150/160mm cranks are rather short...why do you use shorter cranks on a bent?.I always thought as they dont climb that well that the long cranks would help...maybee thats why rotor cranks are popular as you can run a standard length crank but get the benifits of a shorter one.

The answer's a complicated and somewhat vague one, I'm afraid, but I'll try to explain as I see it.

The first thing you notice when you get on a bent is how much longer the cranks feel. It feels like the knee is being bent up quite severely. I don't know why this is. Richard commented on it and I certainly felt the effect, even though the cranks on my 'bent are the same length as on my MTB. (The reverse happens too: when I get back on my MTB, I feel like my cranks have been shortened.

Anyway, that is "the perception" part of the answer. Physiologically, the idea is that since you can't stand and grind on a 'bent, you must spin. The faster you spin, the more power you can output. Short cranks facilitate spinning because each rotation needs less "foot travel" to complete the cycle.

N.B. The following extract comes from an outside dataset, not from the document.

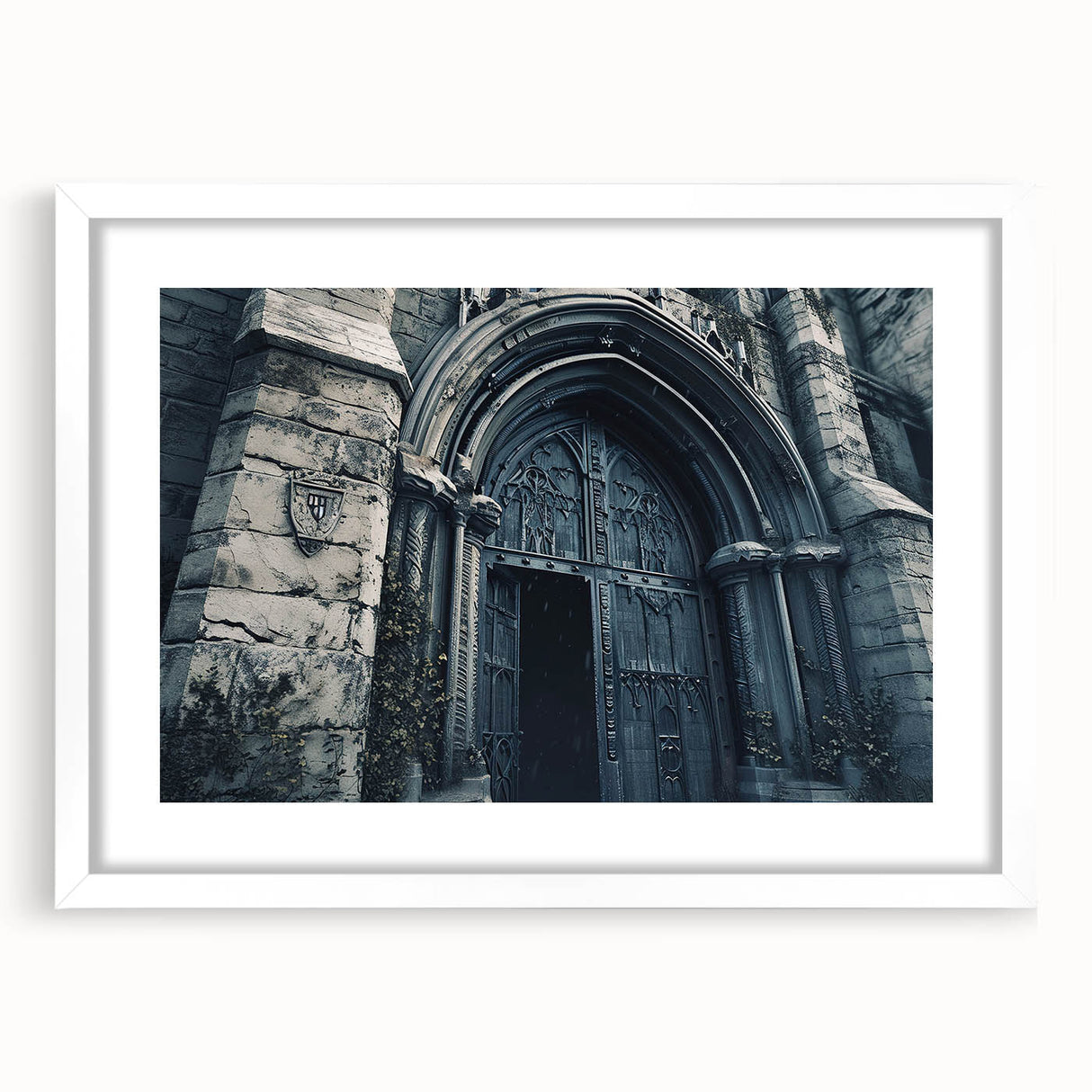 Extra large abstract art print of a textured church design in muted earth tones on a white framed canvas.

The other physiological reason is the reduced angle of bend in the knee. It lets the leg be in it's optimum position to fully utilise the quads for power generation throughout a proportionally longer segment of the stroke. By that, I mean you can start applying power when the upper crank is at (say) 10.00 o'clock instead of (say) 11.00 o'clock*.

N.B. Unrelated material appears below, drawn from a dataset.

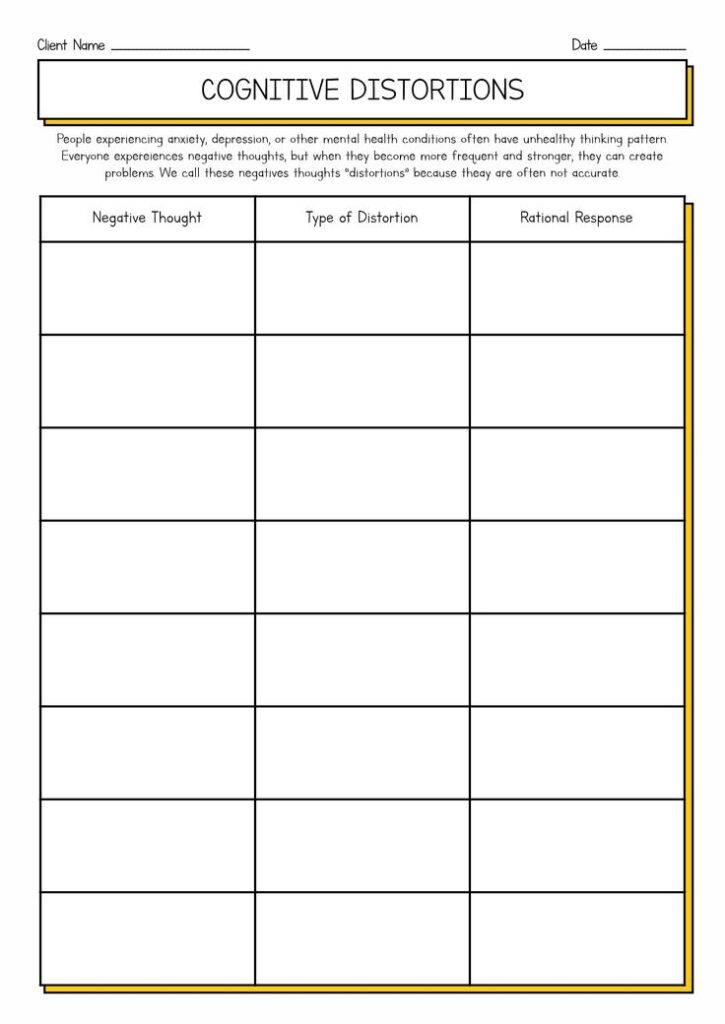 17 Cognitive Behavioral Thought Worksheets Cognitive Behavioral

Now, this is all theory as far as I'm concerned. However, many 'bent riders claim a definite improvement in overall speeds when they reduce their crank lengths and reduce their gearing appropriately (ie they increase their cadence for any given speed.) Placebo? Who knows, but I'm going to give it a go when I can.

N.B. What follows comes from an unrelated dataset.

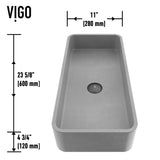 VIGO Palazzo Gothic ConcretoStone 24x11-in Deep Grey Bathroom Sink/Basin with Rectangular Vessel image 4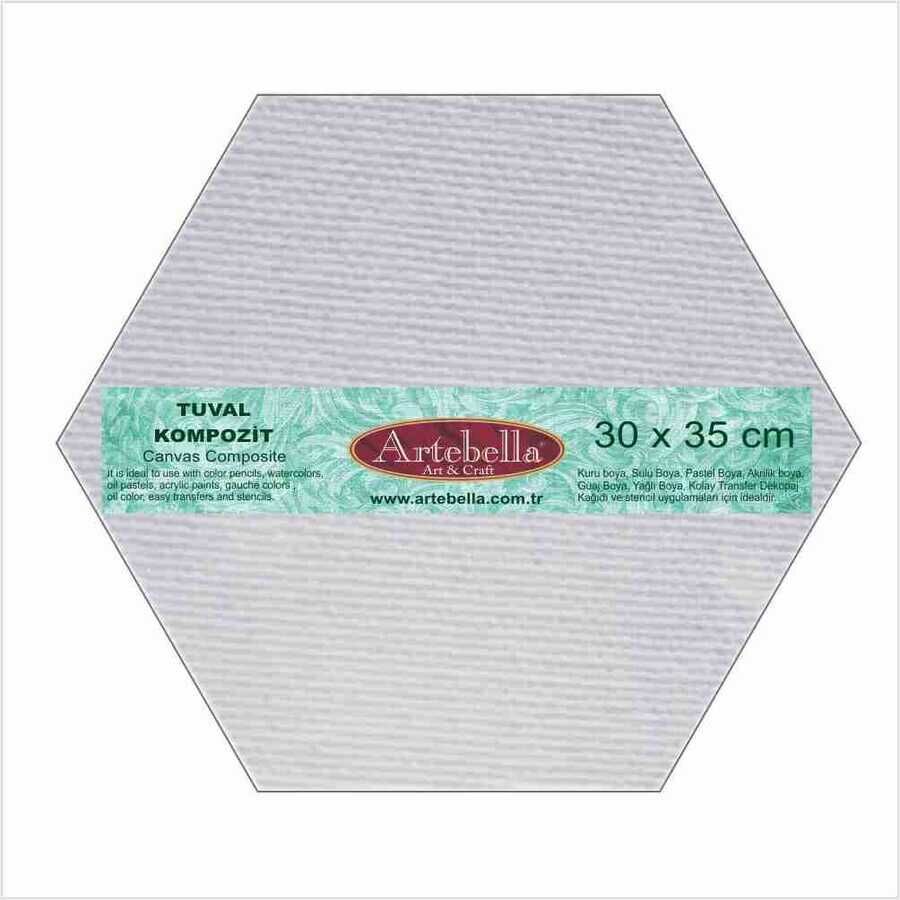 Artebella 30x35cm Kompozit (Sıkıştırılmış) Tuval Altıgen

Mini Man's points about reduced wind resistance are also valid reasons as to why shorter cranks might be providing improved speeds.

As for world class riders with Q-rings: I know that Ned Overend uses them for his MTB World Cup events. Then again, he is over 50 and still winning, so maybe he's just a freak ..... :)

Cheers,
Graeme

(I should note that the bloke behind Rotor cranks is a regular contributor to the Bent Rider Online forum. Rotor cranks are very popular amongst bent riders, as are the Q-rings.)

*where 12.00 is a vertical crank and 3.00 o'clock is the dead spot.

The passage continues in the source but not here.